In the 60th minute, Simon Engelmann, the goal phenomenon of the regional league, scored to make it 2-0. Ecstasy. Or is there another word of increase? Thorben Deters equalized in Münster. But on Hafenstrasse everyone knows: Prussia must, as of now, score five goals to pass. Possible, but actually impossible. And so they dance, sing and scream the panic from their souls in the stands. 16,650 people was in the stadium, sold out. What a setting. What a choreography before kick-off. If a player has not yet understood the dimension of the following 90 minutes, he now got it in red on white in all clarity. However, no footballer left any doubts – and when it was over in Essen and Prussia threw themselves 2-1 into the final moments of added time, the madness broke out.

The fans flooded the field with their tears, their happiness and plenty of pyrone fog.
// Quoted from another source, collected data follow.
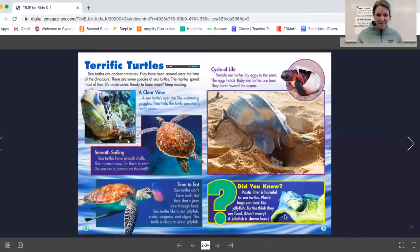So friends, just a little recap — this is the end of what we're reading today. We learned about their eyes, which are like goggles. Their shells are really smooth to help them easily swim through the ocean. We also learned that they like to eat many different things including jellyfish, crabs, seagrass, and algae, but turtles don't have teeth — they just have their beak with sharp jaws. The last thing we learned was how turtles lay their eggs on land: the mama turtle digs a hole, lays her eggs, and covers them up with sand. Once they hatch, all the little turtles find their way to the ocean.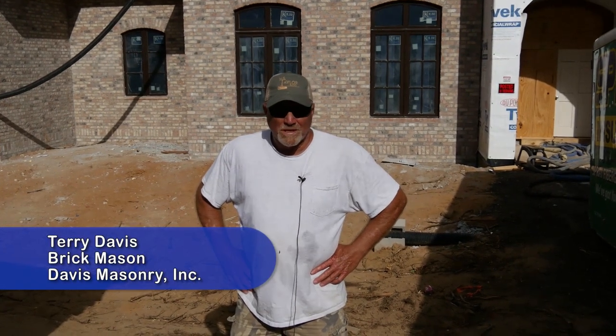My name is Terry. I'm a brick mason, responsible for installing brick on residential houses.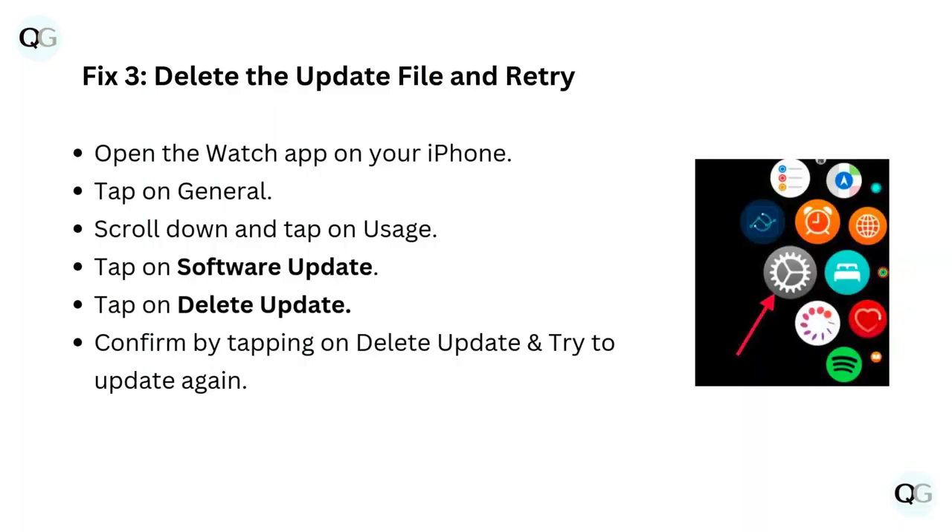Fix 3: Delete the update file and retry. Open the Watch app on your iPhone. Tap on General, scroll down and tap on Usage, then tap on Software Update. Tap on Delete Update, confirm by tapping Delete Update again, and then try to update again.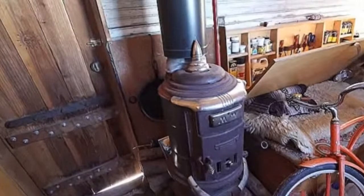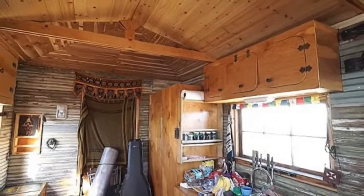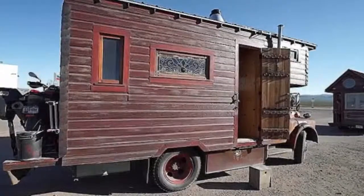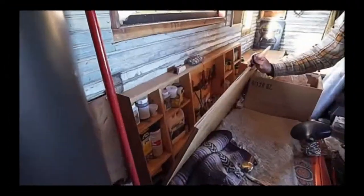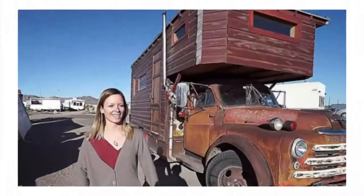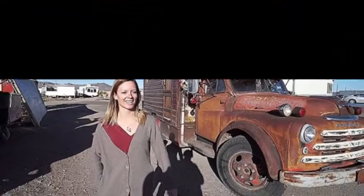Right now we get to tour it thanks to our friends at Tiny House Giant Journey. When they were driving down the highway with their tiny home in tow, they spotted it at a gas station and raced to go see it and hopefully meet the owner. John has been traveling with his tiny house truck for over a year.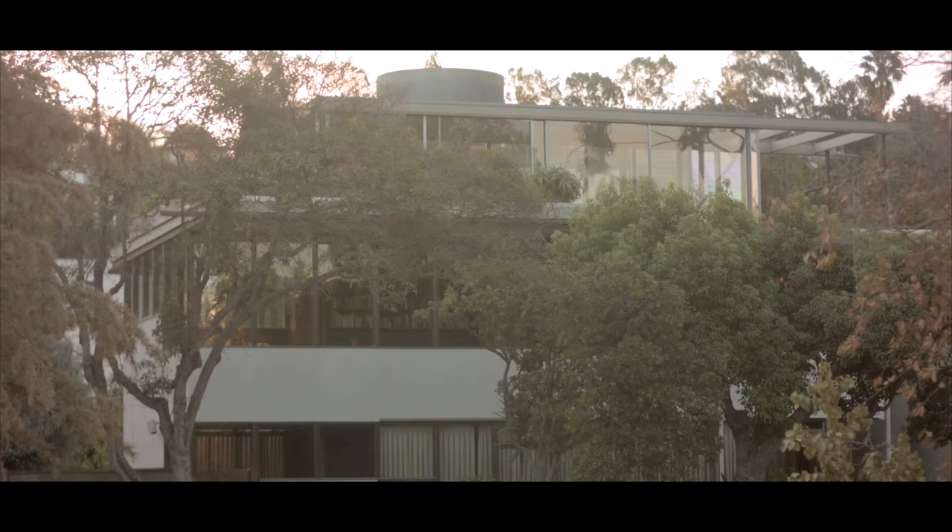My name is Barbara Lamprecht. I'm an architectural historian and a scholar of the work of Richard Neutra. I'm Sarah Lorenzen. I'm the chair of the architecture department at Cal Poly Pomona, and I'm also director of the Neutra VDL Research House.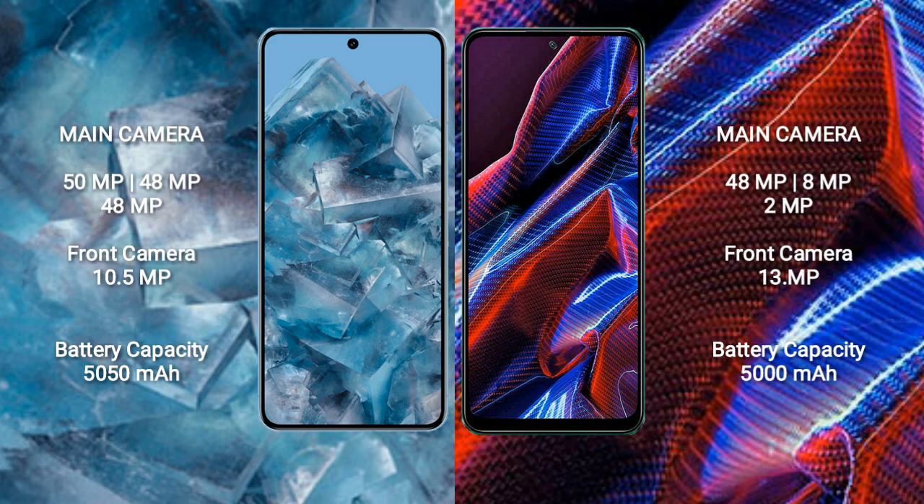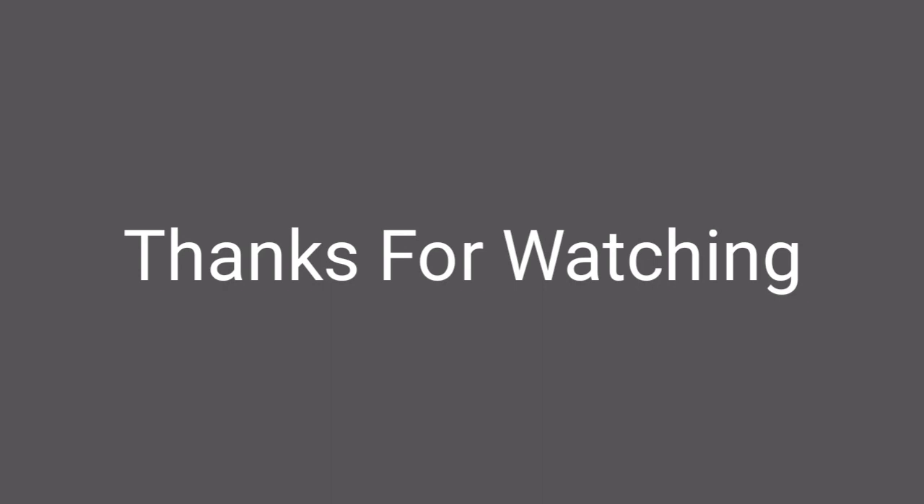Google Pixel 8 Pro comes with a 5050mAh battery with 30W fast charging support. Xiaomi Poco X5 comes with a 5000mAh battery with 33W fast charging support.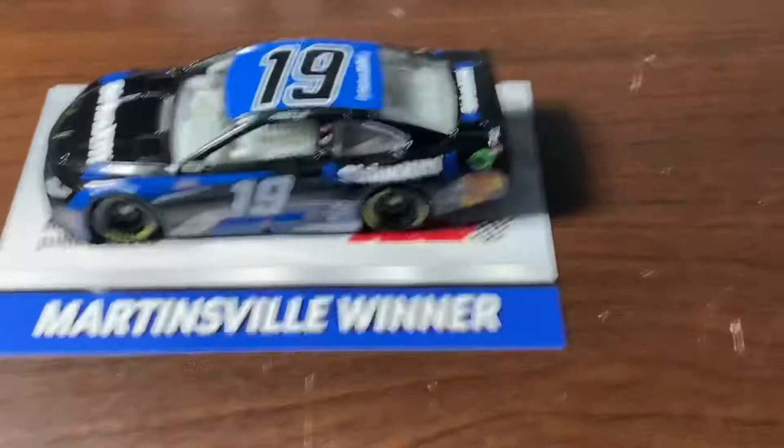This is a really cool diecast. Alright guys, this is a review of Martin Truex Jr.'s Martinsville win from last year. I hope you guys liked this video. Make sure you like, subscribe, share, hit the notification bell so you never miss a video, and I will see you guys in the next one. Peace out and have a great day.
They celebrated with the team that had prepared part of the stands for their promotion party. It is a squad that does not stand for miracles, but promised great things. Despite painful departures like Amara Condé (1. FC Magdeburg) and Marco Kehl-Gomez (Türkgücü Munich). However, top players such as defense chief Daniel Heber, probably the best central defender in the league, striker Engelmann, or Isaiah Young, who was outstanding this season, could be retained.

But that was just the overture, because the Essen team garnished their expensive top squad with professionals with experience in the first and second division with two non-club sweets. In late summer Felix signed on Bastians, who played for SC Freiburg and VfL Bochum, among others. And in winter the club surprised with Thomas Eisfeld. The 29-year-old playmaker was promoted to the Bundesliga with VfL Bochum, but has been looking for a new challenge ever since. Eisfeld, just so you can understand what kind of coup that is, was trained at Borussia Dortmund and Arsenal FC. That says it all.
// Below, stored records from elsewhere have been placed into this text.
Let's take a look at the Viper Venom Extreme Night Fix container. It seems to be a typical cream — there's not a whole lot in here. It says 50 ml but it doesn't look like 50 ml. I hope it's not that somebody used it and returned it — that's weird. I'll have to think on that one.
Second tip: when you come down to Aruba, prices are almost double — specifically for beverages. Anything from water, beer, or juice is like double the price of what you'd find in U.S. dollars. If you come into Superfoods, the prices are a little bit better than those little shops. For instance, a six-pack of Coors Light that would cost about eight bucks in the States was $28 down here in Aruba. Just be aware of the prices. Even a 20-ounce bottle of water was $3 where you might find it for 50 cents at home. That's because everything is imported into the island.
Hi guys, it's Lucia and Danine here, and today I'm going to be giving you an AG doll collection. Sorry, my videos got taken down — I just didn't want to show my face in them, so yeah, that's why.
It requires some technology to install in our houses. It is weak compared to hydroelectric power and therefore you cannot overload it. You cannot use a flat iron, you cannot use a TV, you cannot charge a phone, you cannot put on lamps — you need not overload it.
Oguzhan Kefkir, that’s another one who has seen a lot in football. The 30-year-old played a few times for VfL Bochum in the Bundesliga. But he too was amazed: “I’ve already had experience in the 3rd division and have celebrated promotion once. But what I’ve experienced and am experiencing here in Essen simply can’t be compared to the promotion back then. It’s a completely different world,” he told Reviersport. After the game, when the fans stormed onto the pitch, “a lot of people cried and shed tears. That’s when you noticed that it really affected them. You can see how important it is for people has here.” Rot-Weiss, that is, sorry, was a giant, just too big for this league, which for years was only keen to beat the club. Like in the Bundesliga, where it’s also about overthrowing FC Bayern. In Essen they don’t like this comparison. In the future they will be outsiders again, not favorites.
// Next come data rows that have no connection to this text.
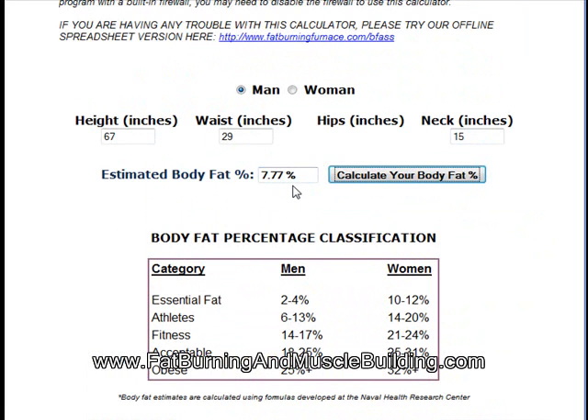It's definitely a cool tool for getting your body fat. This is the body fat analyzer, and it comes free with the Fat Burning Furnace membership. If you want more information on Fat Burning Furnace, check out Fat Burning on MuscleBilling.com. We reviewed over 25 different products — bought, reviewed, and tested all of them — to give you the best products whether you want to lose weight, gain muscle, or both. I hope you enjoyed, and I'll see you all soon.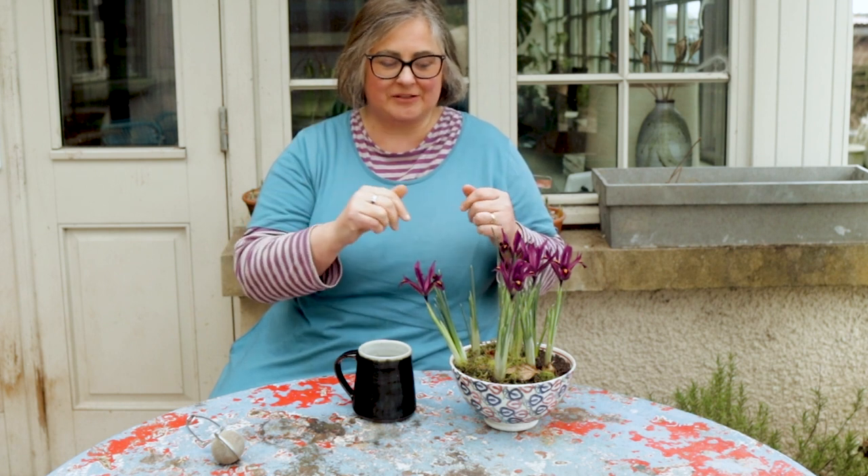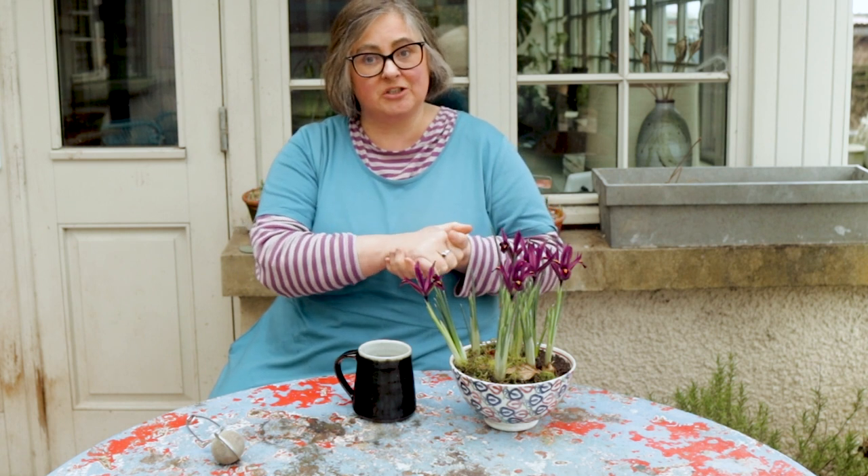Anyway, the thing I really wanted to do was to show you how gorgeous this iris is now that it's fully out. I mean, $1.99 — what a bargain! This is an iris reticulata; I do not know which one it actually is, but it is absolutely glorious.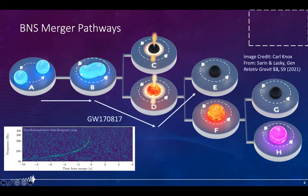Let's quickly look through the different pathways for binary neutron star mergers. Starting with two distinct objects moving towards the merger phase, there are a couple of different scenarios depending on the initial masses involved. For example, they could promptly collapse into a black hole with an accretion torus, form a differentially rotating hypermassive neutron star that then collapses into a black hole, or form a supermassive neutron star that transforms into a stable neutron star or black hole on longer timescales. The arrows here show the suspected pathway for the famous GW170817.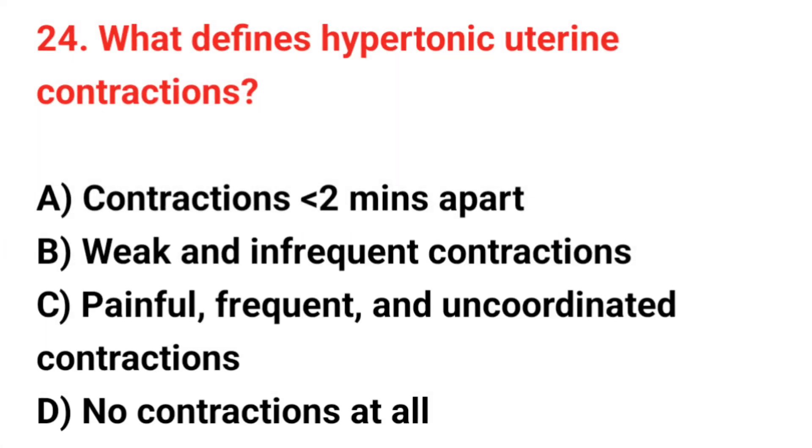Question number 24. What defines hypotonic uterine contractions? The correct answer is C: Painful, frequent, and uncoordinated contractions.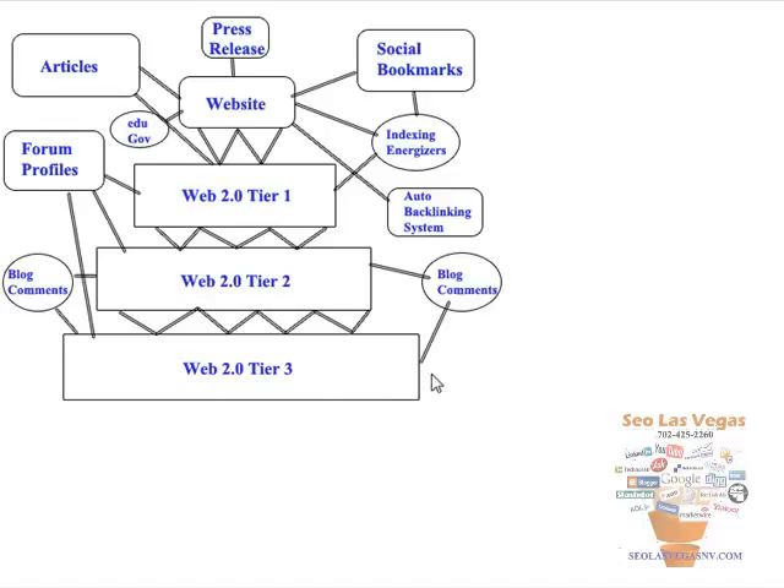We're not done yet. We then start building different links to our Web 2.0 properties and our tiers. We build a lot of links to tier two and tier three through blog comments — the package gives you almost 6,000 blog comments thrown to tier two and tier three. Then we build 1,250 forum profiles, most of them with your anchor text and links pointing back to tier one, tier two, and tier three. We're still building authority — we treat these pumper tier sites as websites themselves and build all kinds of links to them.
With which squad do you compete in the 3rd division? What desires have the numerous top people around Heber, Young, Harenbrock and Niklas Tarnat aroused? That’s not an issue for this holy Saturday evening, when the 14-year wait for the return to professional football ends so passionately, with the march of well over 3000 fans, from Oppa to Steppken, peacefully, loudly and brightly across the city was celebrated. Bye panic, dig in, pig league.